+++ RECORDS FOR THE EXERCISE
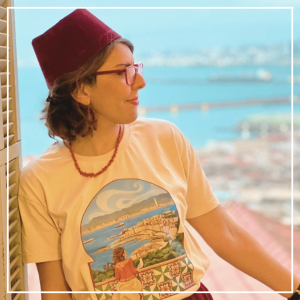 T shirt Alger vue d'en haut Mejdaben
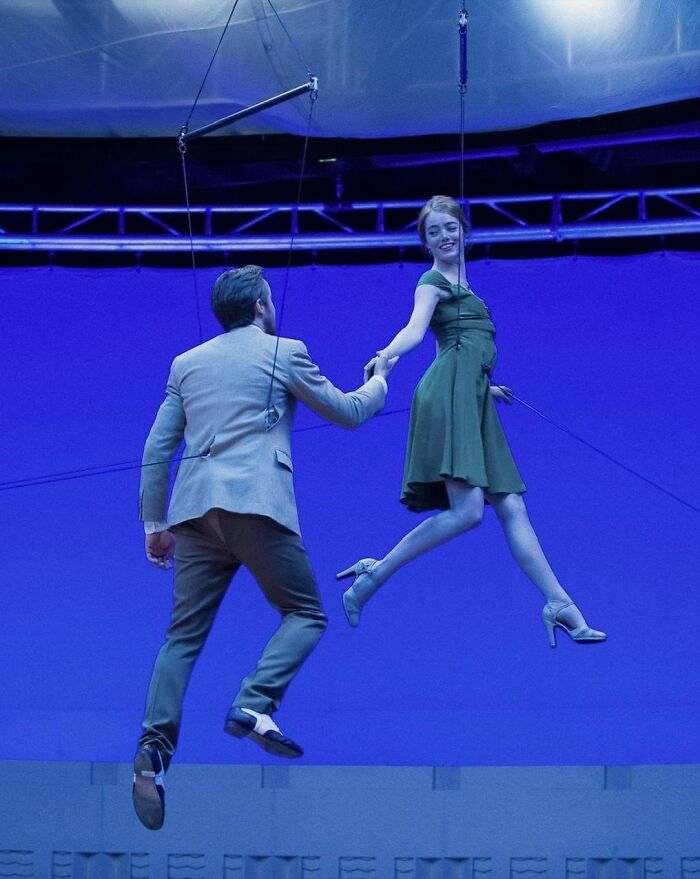 Behind The Scenes Of ‘La La Land’ With Ryan Gosling And Emma Stone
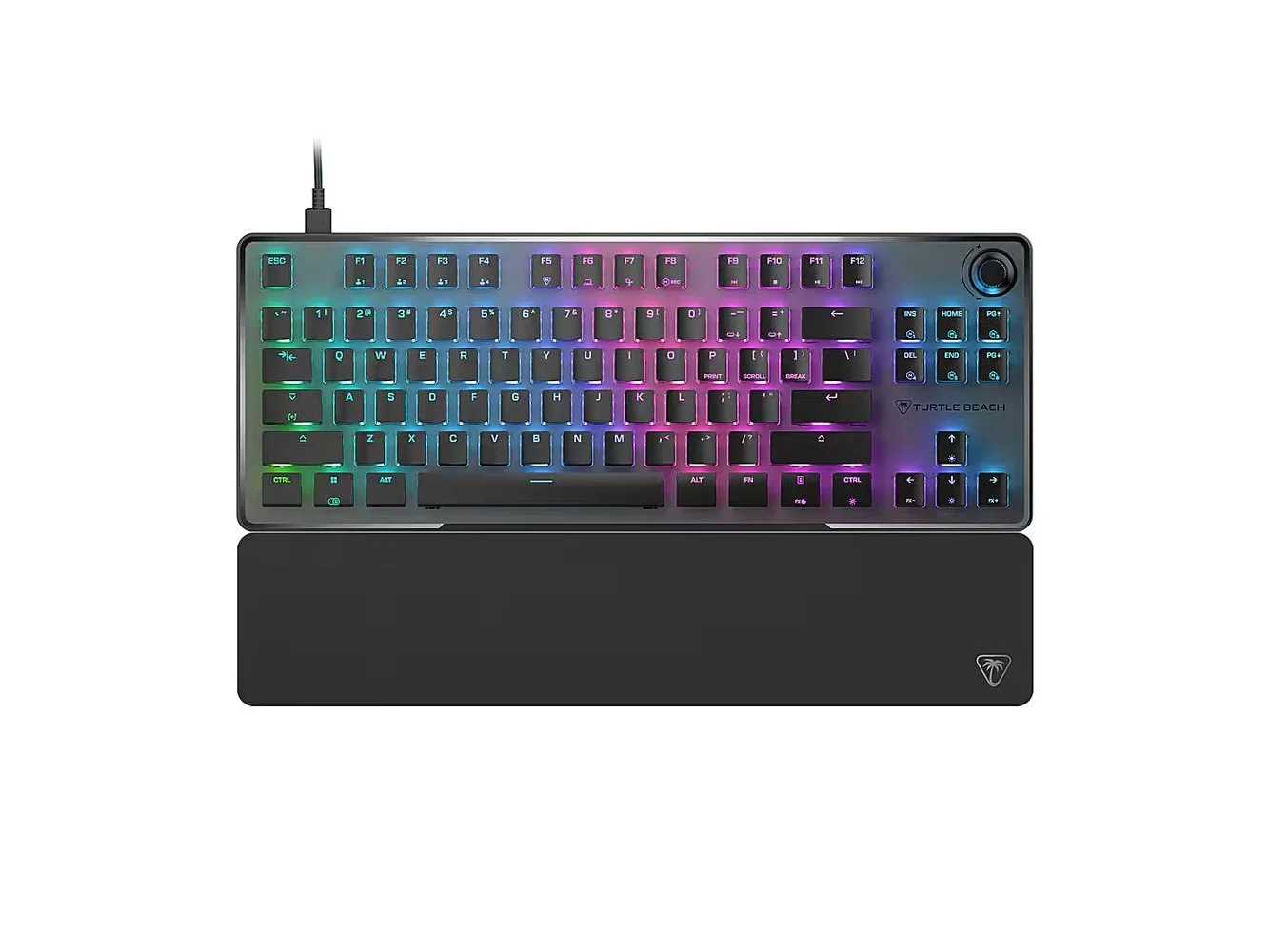 **Turtle Beach - Vulcan II TKL Pro Wired Magnetic Mechanical Gaming Keyboard with Analog Hall-Effect Switches - Black**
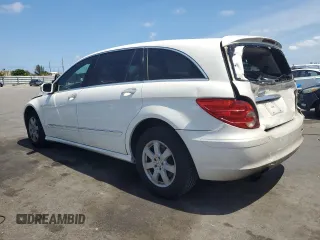 2007 Mercedes-Benz R 3.0L with VIN 4JGCB22E77A042127, listed as a Copart auction lot 56192705 with 206,234 mi miles and Salvage Title. Bid and sale history available at DreamBid. Image 2.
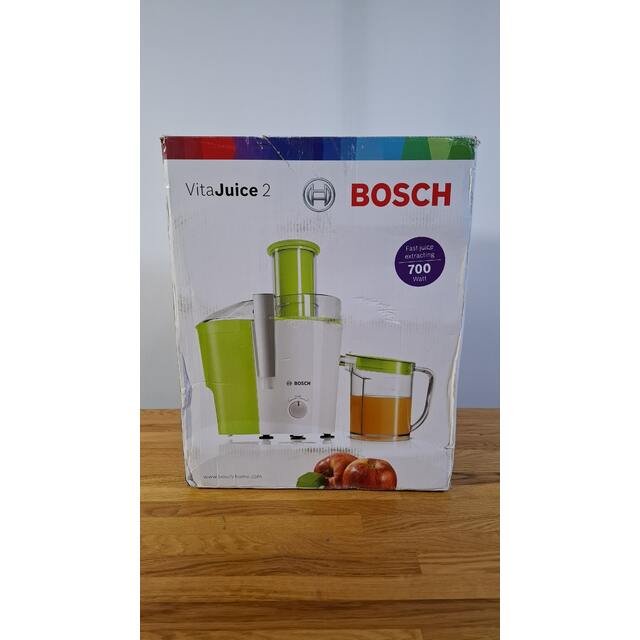 Соковыжималка центробежная Bosch MES25G0 (Цвет: White / Green)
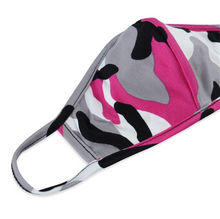 Load image into Gallery viewer, CAMOUFLAGE GREY / PINK / JERSEY / ADULT AND KIDS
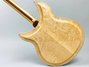 Mar 1973 Rickenbacker 381/6 , Mapleglo: Body - Rear
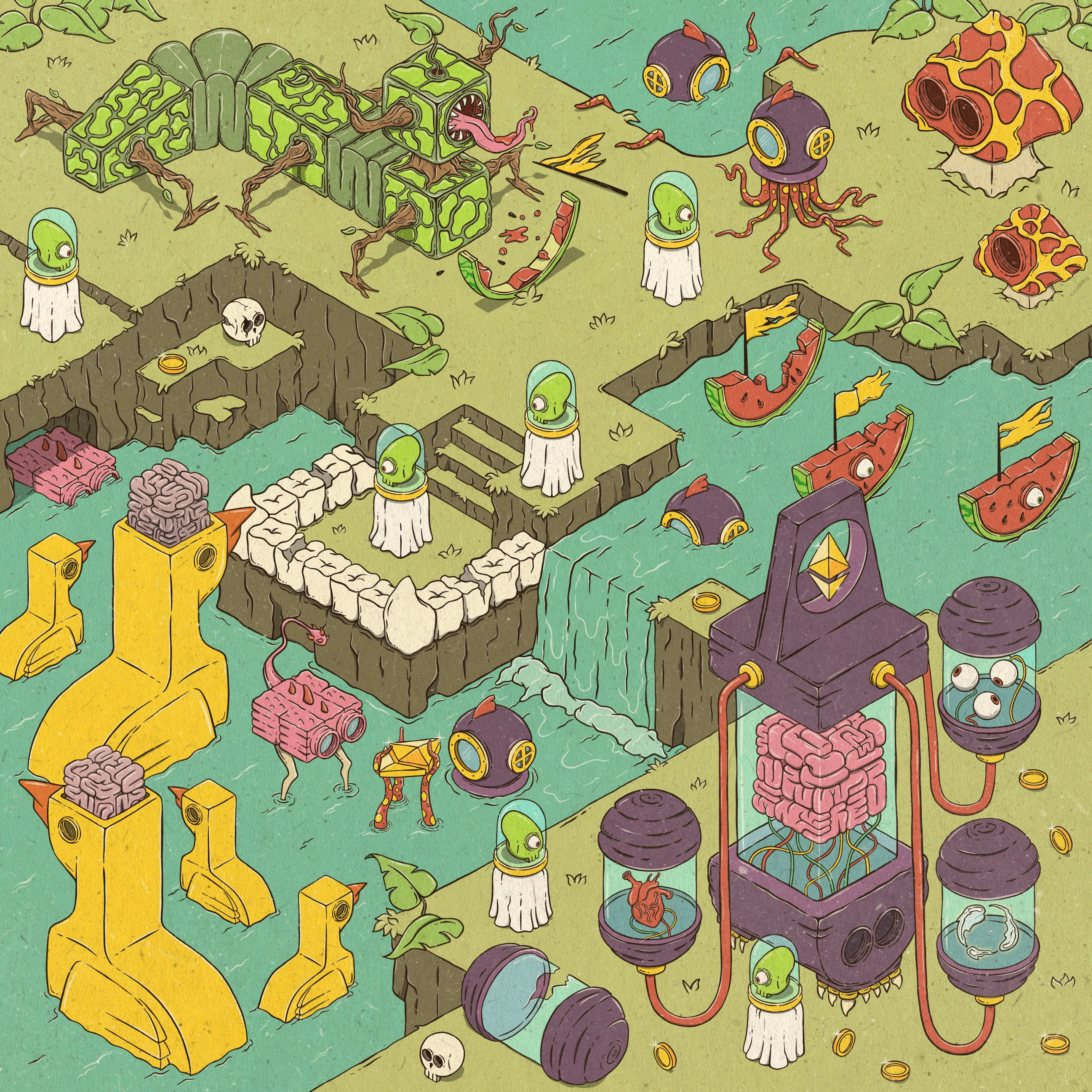 Forest Bustle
++++++
Everything in the material above must be repeated exactly, apart from its pictures.

 T shirt Alger vue d'en haut Mejdaben
 Behind The Scenes Of ‘La La Land’ With Ryan Gosling And Emma Stone
 **Turtle Beach - Vulcan II TKL Pro Wired Magnetic Mechanical Gaming Keyboard with Analog Hall-Effect Switches - Black**
 2007 Mercedes-Benz R 3.0L with VIN 4JGCB22E77A042127, listed as a Copart auction lot 56192705 with 206,234 mi miles and Salvage Title. Bid and sale history available at DreamBid. Image 2.
 Соковыжималка центробежная Bosch MES25G0 (Цвет: White / Green)
 Load image into Gallery viewer, CAMOUFLAGE GREY / PINK / JERSEY / ADULT AND KIDS
 Mar 1973 Rickenbacker 381/6 , Mapleglo: Body - Rear
 Forest Bustle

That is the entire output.